Monastery, now apartments, at Woodleigh, comprising a range of connected buildings and a separate church. Built 1902-4 by the architectural practice Scoles and Raymond for a Trappist community that had relocated from France.

The monastery range is constructed of yellow and brown local stone with grey and red stone from Plymouth, with yellow brick and granite dressings and a clay tile roof. New brickwork, such as window architraves, comes from Derby. The internal granite staircases are supported by reinforced concrete, with pitch pine handrails and steel balusters. Roof timbers are pitch pine.

The building is L-shaped in plan, with the monastery range running on an East-West axis with cross-wings at each end. The structure is now subdivided into eight apartments. The church stands to the south-west on a North-South axis.

The monastery range rises two storeys plus attic and basement, arranged in a 2:9:2 bay pattern on its north face. The end bays form slightly projecting gabled cross-wings. A stone plinth and low stone buttresses support the walls. Doorways and windows have segmental-headed yellow brick dressings and are fitted with four-pane sashes, though some large round-arch doorways with fanlights are modern replacements. The south elevation features a catslide roof between the cross-wings, six gabled dormers, and a bell turret.

The former church is attached at right-angles to the west cross-wing. It is a large timber-clad building with east and west aisles, two-light cusped Gothic windows, and a clerestorey with straight-headed windows. The chancel has a narrower clerestorey and a three-light window in the north gable-end.

The interior of the monastery range is austere, with walls of bare brick or new plaster, and timber floors and cills. Granite staircases at either end have iron balustrades with pitch pine handrails. A pine collar-rafter roof with iron ties spans the building. The church interior contains a seven-bay nave with an inserted swimming pool, jacuzzi and sauna at the chancel end. Narrow aisles and tall pointed-arch arcades, all in timber, flank the nave. The roof is supported on lattice-girder trusses and retains early twentieth-century painted decoration at the chancel end.

The monastery was built by a Trappist community fleeing anti-Catholic legislation of the French Third Republic. The monks adapted and extended existing buildings on the estate.
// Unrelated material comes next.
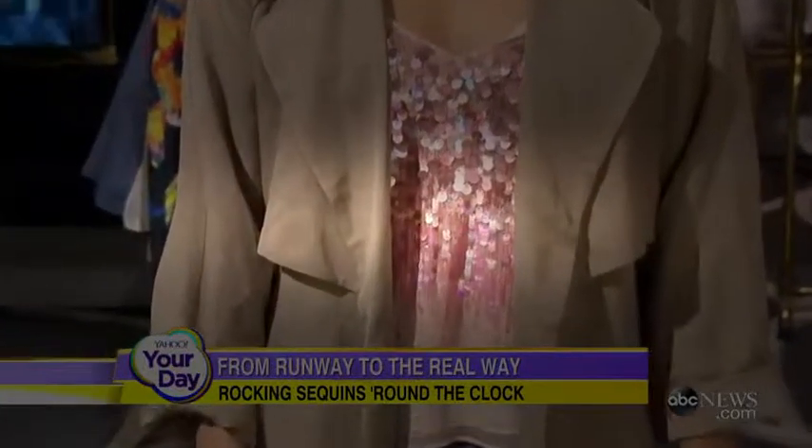Why not just have a bit of fun? Here's a camisole, which is a very simple silhouette, and we just did it with some sequins. It's not sequins all over — it's just touches of it. And it being pink doesn't feel too evening.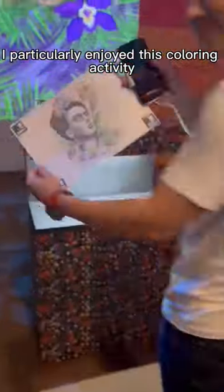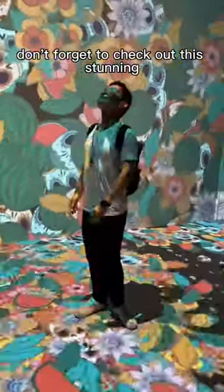I particularly enjoyed this colouring activity where you get to project your final piece of art on a wall. Don't forget to check out this stunning holographic space.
The pre-fabricated timber church was designed by Dom Mellet and based on the chapter house at Solesmes in France, the community's original home. The church was first built at Appuldurcombe, Isle of Wight, in 1903, then moved to Quarr in 1908 before its final relocation to Woodleigh in 1912.

The architects Scoles and Raymond were prominent practitioners of early twentieth-century Catholic church design. Canon Alexander Joseph Cory Scoles (1844-1920) was the third son of Joseph John Scoles (1798-1863), an influential nineteenth-century Gothic church architect and founding fellow of the Royal Institute of British Architects.

The monastery was vacated in 1914 with the outbreak of World War One. Few monks returned to Wood Barton after 1918, and the community closed in 1921. A period of disuse followed, with possible military occupation during the 1940s. After World War Two, the estate was converted to farming use, and the monastery buildings underwent adaptation accordingly.

The adjacent house to the north, known as Wood Barton Farm and listed separately, retains some sixteenth-century structure and was formerly the family seat of the Fortescue family.